Have you heard about the right-to-burn-a-book incident? Author Neil Gaiman was talking about a recent development where certain folks were upset/offended by a book in a library. So they declared that they had a right to burn the offensive book. No, this is not in one of those countries fighting for free speech and all that; it's in one of the northern states of USA. To be fair, the fact that there is an ongoing debate is testimony to presence of free speech and rights of man; in a truly repressive nation, the book would probably be banned from all bookshops and libraries by now. Well, the main point of this article is talking about the issue of challenged books.

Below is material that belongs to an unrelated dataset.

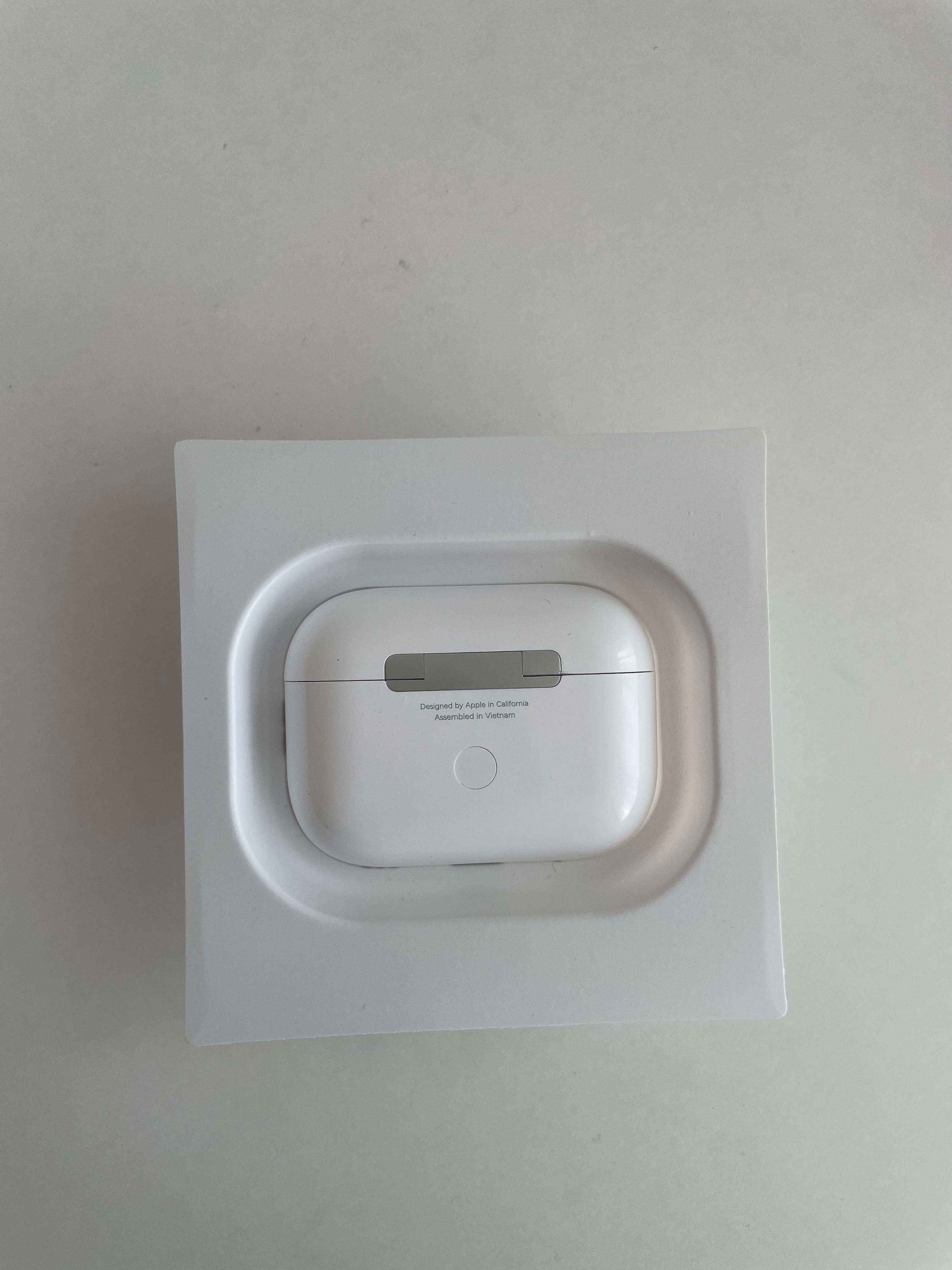 AirPods Pro - 2nd gen + подарък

In this case, I am guessing this book is going to be on the challenged list for a while. Let me mention a little bit of detail about the book in question. It is called Baby Be-Bop and was written by Francesca Lia Block. The book is about a gay teen who struggles to be himself. If you think about it, it's bad enough that young folk have to deal with peer pressure and feelings of inadequacy when growing up. Add in fear for safety and outright adversity when dealing with questions about their own sexuality and you know the kid is in for a rough time. The main protagonist is attacked by a a bunch who were not very tolerant of his sexual orientation. This is the sort of situation faced by many teens and adults in real life and it is great to see an author address this topic.
But, given the relevance of this book to modern society, why are some folks protesting so vehemently? I could assume a number of reasons but let me check the official statements.
Quote from The Guardian:
Their suit says that "the plaintiffs, all of whom are elderly, claim their mental and emotional well-being was damaged by this book at the library," and that it contains derogatory language that could "put one's life in possible jeopardy, adults and children alike."

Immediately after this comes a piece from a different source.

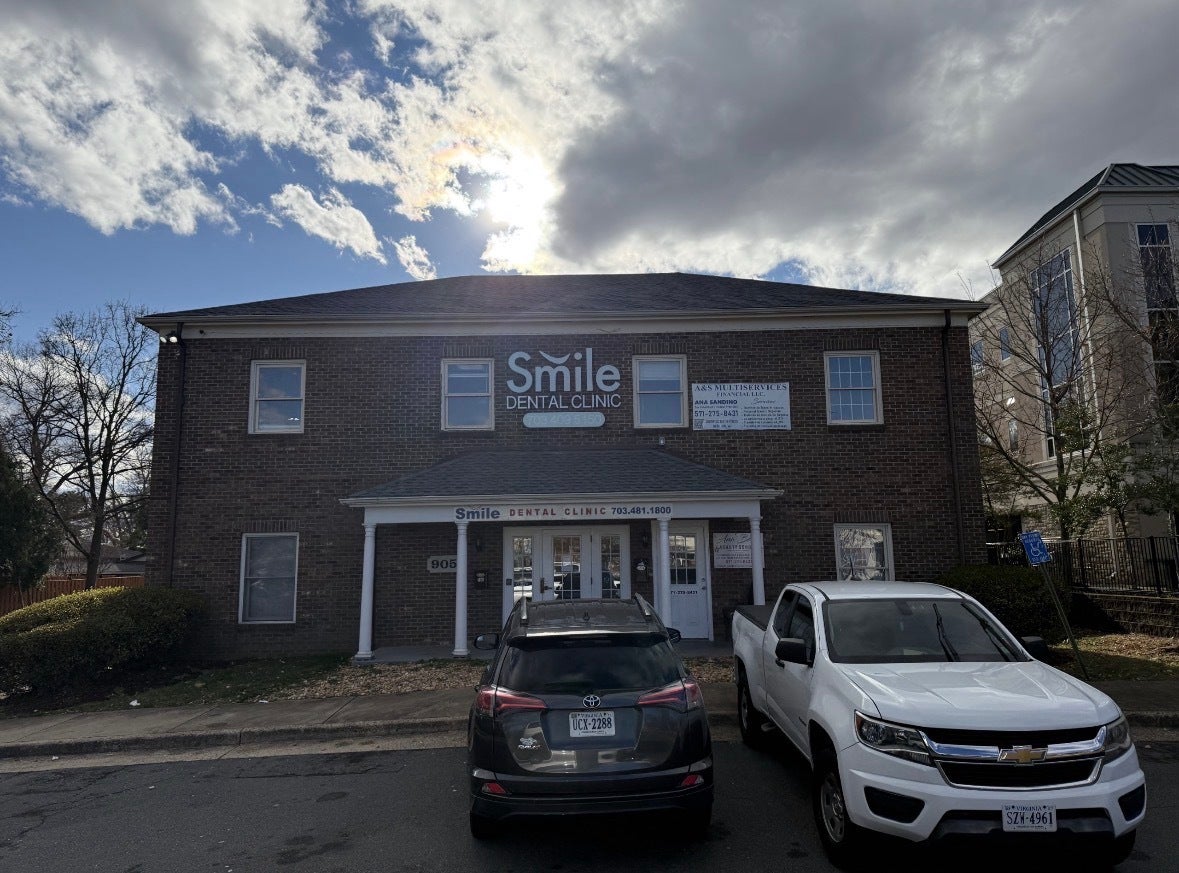 Custom Channel Letter Sign & Pill Box for Smile Dental in Historic Herndon | Flush Mounted Dental Office Signage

How can a book put one's life in jeopardy? I could say that about some of the rather trashy romance novels donning the shelves of almost all libraries but I wouldn't set off to burn or ban any of them. To each their own and all that good feeling, right? And how is it that this book is deemed bad for adults as well? Isn't it sad that a small group decides what is right and wrong for the entire population? Surely you have to let people decide for themselves?
The issue of challenged books is something that has been going on for a while. Baby Be-bop is joining a long list of books that have been offending the sensibilities of folks all over US. Like I mentioned earlier, at least in US there is a strong movement (Banned Book Week etc.) which address and fight for intellectual freedom; in some countries, books can disappear or be banned without anyone having a say in it. In such cases, it would be a Orwellian-type paranoid atmosphere in which folks will nab and digest such books which in turn makes it even sadder.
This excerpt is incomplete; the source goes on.